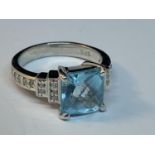 A MARKED 925 SILVER DRESS RING WITH CLEAR BLUE STONE, GROSS WEIGHT 4.74 GRAMS, SIZE K/L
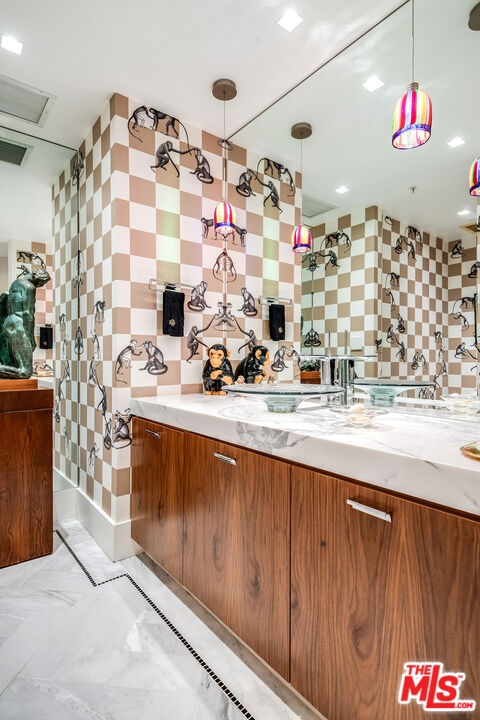 10490 Wilshire Blvd Unit: 406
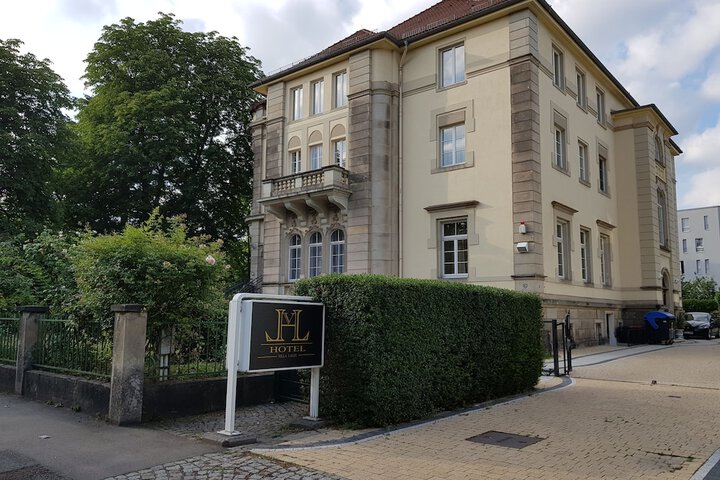 Hotel 76 of 79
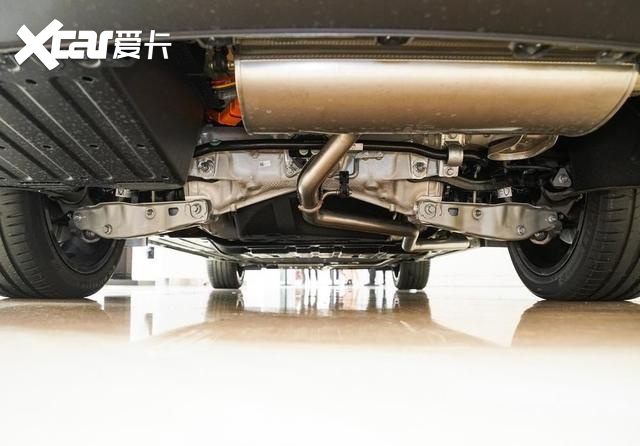 解读理想L9，1.5T增程器与宝马有关，底盘逆向研发自XC90？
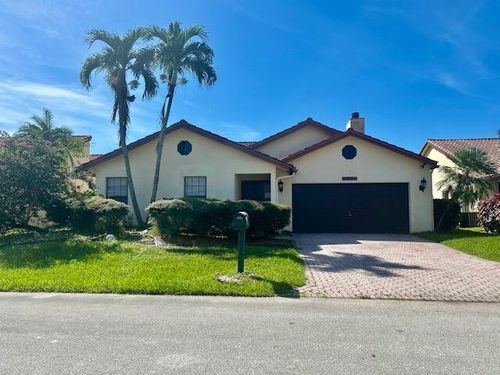 7045-7045 Golf Pointe Circle, Tamarac, FL, 33321 | Card Image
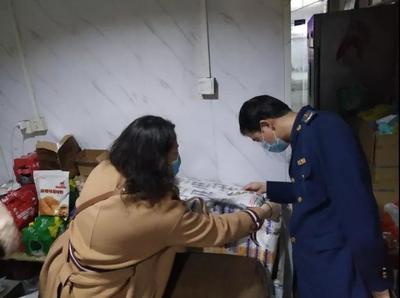 網紅炸雞店風波背后 食品安全與網紅經濟的雙重拷問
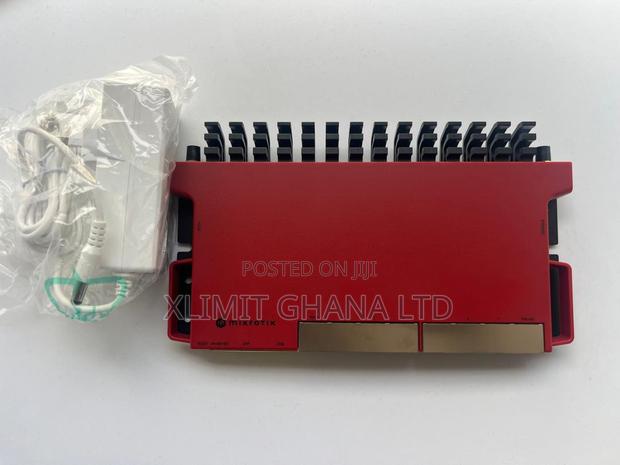 Mikrotik L009 8x Gbit Ethernet, 1x 2.5gbit SFP Router [L009uigs-Rm] · Photo 3
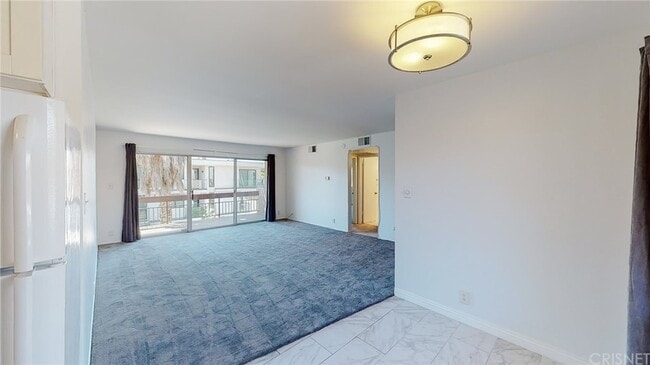 Building Photo - 12157 Moorpark St Unit 202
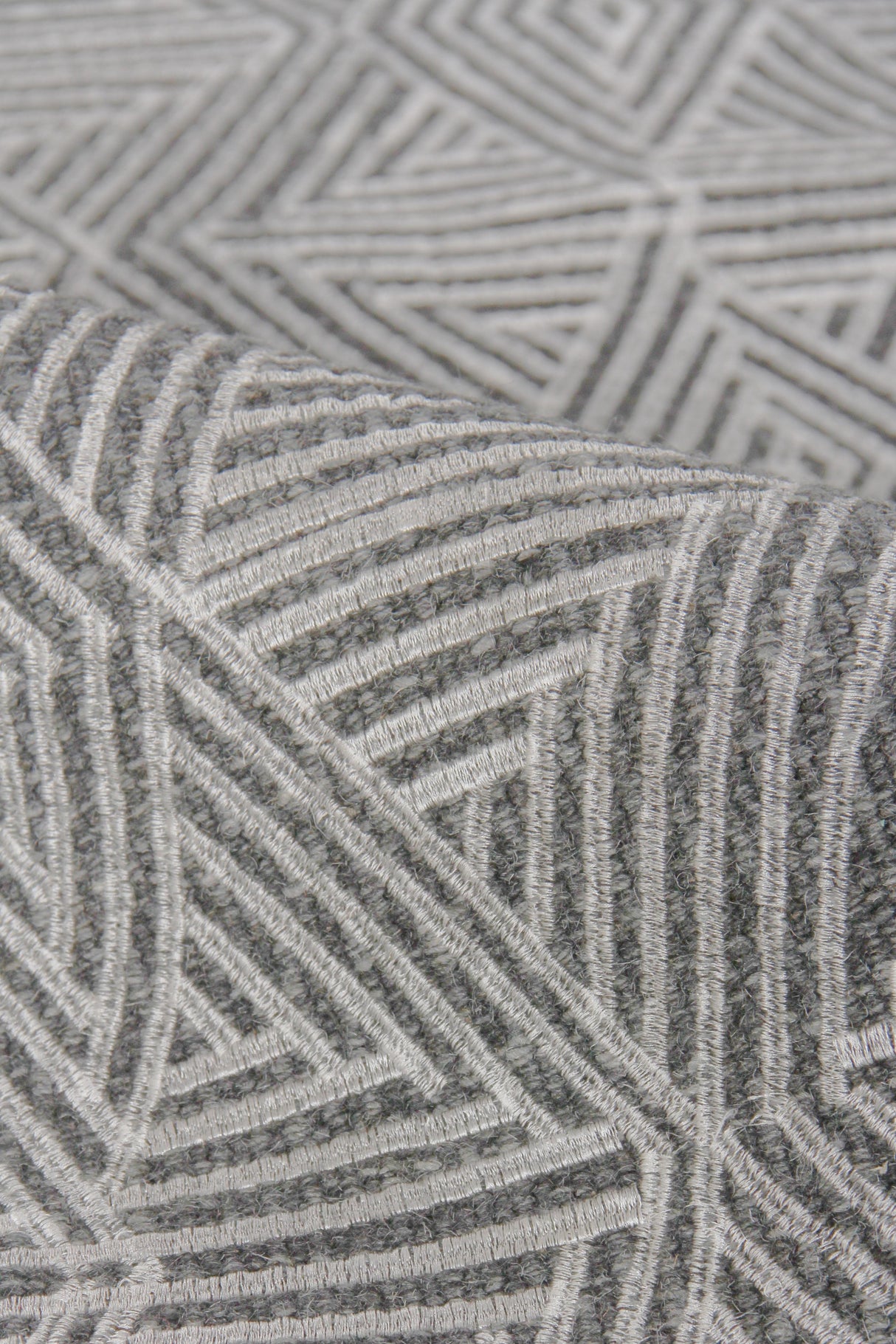 Exquisite Rugs Pavilion Flatweave Wool/Polyester in 2256 Charcoal 8' x 10' Area Rug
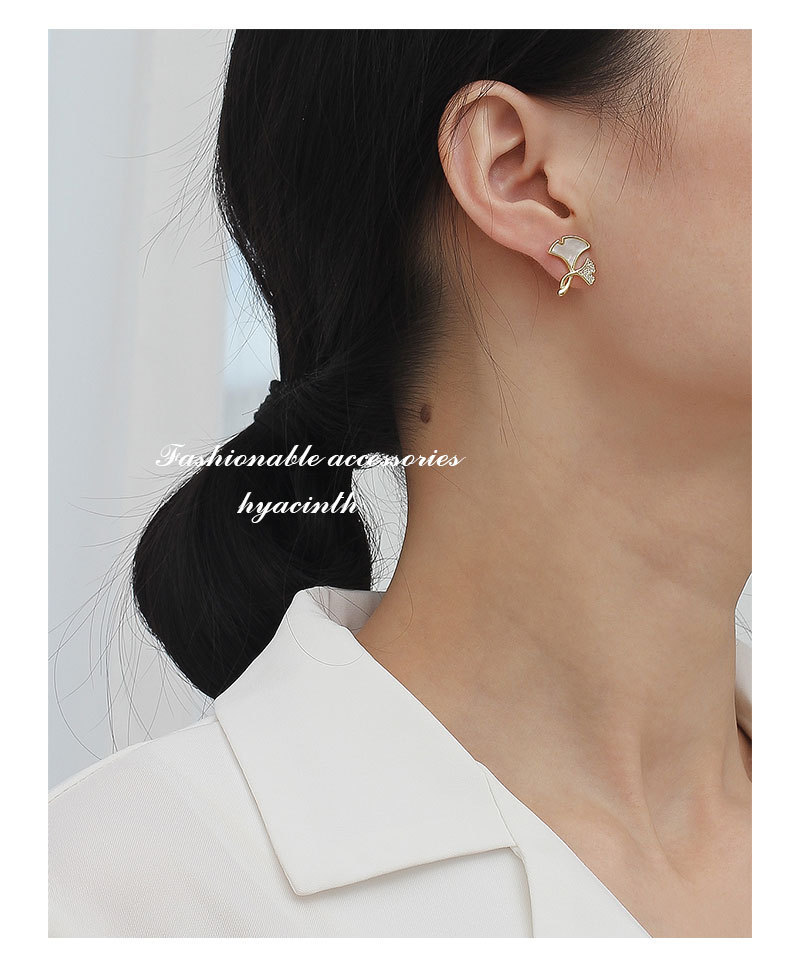 Korea Leaf Rhinestone Alloy Earrings display picture 7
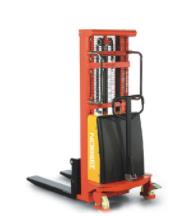 高空升降车使用注意事项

■ **Directions**
Your answer must be an exact copy of the records above, with every picture left out.

■ **Answer to this problem**
 A MARKED 925 SILVER DRESS RING WITH CLEAR BLUE STONE, GROSS WEIGHT 4.74 GRAMS, SIZE K/L
 10490 Wilshire Blvd Unit: 406
 Hotel 76 of 79
 解读理想L9，1.5T增程器与宝马有关，底盘逆向研发自XC90？
 7045-7045 Golf Pointe Circle, Tamarac, FL, 33321 | Card Image
 網紅炸雞店風波背后 食品安全與網紅經濟的雙重拷問
 Mikrotik L009 8x Gbit Ethernet, 1x 2.5gbit SFP Router [L009uigs-Rm] · Photo 3
 Building Photo - 12157 Moorpark St Unit 202
 Exquisite Rugs Pavilion Flatweave Wool/Polyester in 2256 Charcoal 8' x 10' Area Rug
 Korea Leaf Rhinestone Alloy Earrings display picture 7
 高空升降车使用注意事项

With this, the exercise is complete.